## [WORK REQUIRED]
Your task is to tally the lines of the listing containing the word "Green" and report the figure alone.
[Opening RECORDS TO USE section]
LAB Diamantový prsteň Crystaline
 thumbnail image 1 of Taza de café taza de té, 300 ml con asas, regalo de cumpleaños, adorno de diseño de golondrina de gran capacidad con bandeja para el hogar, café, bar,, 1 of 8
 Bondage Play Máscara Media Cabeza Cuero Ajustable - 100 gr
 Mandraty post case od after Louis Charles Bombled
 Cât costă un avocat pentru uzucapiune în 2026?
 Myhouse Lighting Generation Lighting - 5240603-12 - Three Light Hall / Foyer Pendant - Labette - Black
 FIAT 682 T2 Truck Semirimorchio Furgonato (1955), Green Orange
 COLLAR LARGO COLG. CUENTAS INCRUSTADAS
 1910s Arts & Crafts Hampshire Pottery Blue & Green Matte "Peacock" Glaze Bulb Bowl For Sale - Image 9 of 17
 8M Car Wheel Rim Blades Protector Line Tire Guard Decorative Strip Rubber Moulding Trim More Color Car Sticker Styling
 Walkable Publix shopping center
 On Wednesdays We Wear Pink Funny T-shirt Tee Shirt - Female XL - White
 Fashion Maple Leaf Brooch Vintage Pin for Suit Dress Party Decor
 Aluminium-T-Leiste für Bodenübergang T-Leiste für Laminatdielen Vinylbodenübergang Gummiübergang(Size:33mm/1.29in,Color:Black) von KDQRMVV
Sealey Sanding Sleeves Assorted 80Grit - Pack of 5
[Closing RECORDS TO USE section]
## [YOUR RESPONSE]
2